"A graphic, anti-romantic study in proportions" was Marni designer Consuelo Castiglioni's description of her new men's collection. Cryptic, yet to the point, just like the clothes themselves. Castiglioni explored proportion in short-over-long layering, like a rain-cape (a kind of hoodie shrug) that was worn over a windbreaker, or a cropped blouson layered over a sweater and a double shirt. Doubling—and tripling—was another layer statement, as in a tri-level jersey tee, or a double-sleeved shirt that had gusseting down the side so that, as a Marni representative indicated, it "swung out" when you wore it. (Finally, the barn-dance mobility you've been craving.)

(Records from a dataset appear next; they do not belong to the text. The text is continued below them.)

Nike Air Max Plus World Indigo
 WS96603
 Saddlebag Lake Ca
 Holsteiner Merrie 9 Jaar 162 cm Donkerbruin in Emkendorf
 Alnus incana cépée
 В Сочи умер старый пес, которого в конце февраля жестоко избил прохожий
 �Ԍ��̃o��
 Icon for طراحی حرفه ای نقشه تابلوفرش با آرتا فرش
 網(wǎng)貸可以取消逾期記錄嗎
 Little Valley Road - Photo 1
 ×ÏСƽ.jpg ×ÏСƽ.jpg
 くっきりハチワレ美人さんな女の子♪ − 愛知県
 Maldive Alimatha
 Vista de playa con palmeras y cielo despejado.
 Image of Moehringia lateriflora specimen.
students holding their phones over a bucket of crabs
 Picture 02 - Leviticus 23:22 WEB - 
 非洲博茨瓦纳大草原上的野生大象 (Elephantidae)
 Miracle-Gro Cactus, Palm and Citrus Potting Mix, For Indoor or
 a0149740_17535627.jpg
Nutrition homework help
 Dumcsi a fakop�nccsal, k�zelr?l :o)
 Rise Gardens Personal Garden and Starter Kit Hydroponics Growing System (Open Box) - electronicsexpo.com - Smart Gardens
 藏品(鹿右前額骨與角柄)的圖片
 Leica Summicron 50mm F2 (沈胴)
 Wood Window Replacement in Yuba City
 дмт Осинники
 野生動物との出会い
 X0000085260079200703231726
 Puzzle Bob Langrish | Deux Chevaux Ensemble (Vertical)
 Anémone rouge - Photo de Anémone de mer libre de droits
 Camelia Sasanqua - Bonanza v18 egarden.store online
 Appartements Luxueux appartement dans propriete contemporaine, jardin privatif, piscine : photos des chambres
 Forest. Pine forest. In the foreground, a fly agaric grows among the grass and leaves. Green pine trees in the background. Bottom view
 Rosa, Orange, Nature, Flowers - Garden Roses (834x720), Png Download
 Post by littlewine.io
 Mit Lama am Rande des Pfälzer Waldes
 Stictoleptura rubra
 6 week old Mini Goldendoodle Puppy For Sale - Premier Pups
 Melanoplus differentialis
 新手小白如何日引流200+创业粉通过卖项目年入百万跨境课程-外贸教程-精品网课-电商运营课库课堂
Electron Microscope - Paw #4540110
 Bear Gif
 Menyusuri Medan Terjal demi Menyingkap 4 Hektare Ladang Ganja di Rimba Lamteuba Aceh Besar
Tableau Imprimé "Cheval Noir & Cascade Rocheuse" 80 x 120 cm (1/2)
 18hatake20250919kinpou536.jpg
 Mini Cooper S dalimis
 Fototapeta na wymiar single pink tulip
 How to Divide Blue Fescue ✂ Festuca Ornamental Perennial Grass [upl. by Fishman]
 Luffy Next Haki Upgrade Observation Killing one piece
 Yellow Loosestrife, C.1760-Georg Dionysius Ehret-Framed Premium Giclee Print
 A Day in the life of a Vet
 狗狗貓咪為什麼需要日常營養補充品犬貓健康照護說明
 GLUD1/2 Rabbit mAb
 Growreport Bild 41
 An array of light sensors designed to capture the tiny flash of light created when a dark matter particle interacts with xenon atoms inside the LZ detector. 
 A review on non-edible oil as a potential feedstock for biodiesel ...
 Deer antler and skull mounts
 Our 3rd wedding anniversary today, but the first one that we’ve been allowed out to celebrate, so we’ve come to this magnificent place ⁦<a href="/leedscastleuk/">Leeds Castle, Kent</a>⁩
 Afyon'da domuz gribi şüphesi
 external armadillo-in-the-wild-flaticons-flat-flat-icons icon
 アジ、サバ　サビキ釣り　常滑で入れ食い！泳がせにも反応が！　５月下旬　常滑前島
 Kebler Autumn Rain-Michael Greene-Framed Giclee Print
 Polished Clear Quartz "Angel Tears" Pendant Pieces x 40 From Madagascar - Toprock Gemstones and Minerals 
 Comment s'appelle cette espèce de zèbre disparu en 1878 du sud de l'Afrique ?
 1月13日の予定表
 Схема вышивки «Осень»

There was more to engage the mind in some of the sterling outerwear in which Marni excels. For instance: a rubberized linen parka, a jersey-lined windbreaker, and a red raincoat that snapped all the way up the front and the back. This kind of sophistication was counterpointed by the faux naiveté of T-shirts that looked like they'd been hand-painted (or maybe just run over with a paint roller). And in that counterpoint is the personality of Marni's menswear. It almost steadfastly rejects easy acceptance—and then it throws you a curveball like the Doc Martens-influenced shoes in cobalt blue, or the sunglasses with mirrored cobalt lenses, resistance to which truly is futile.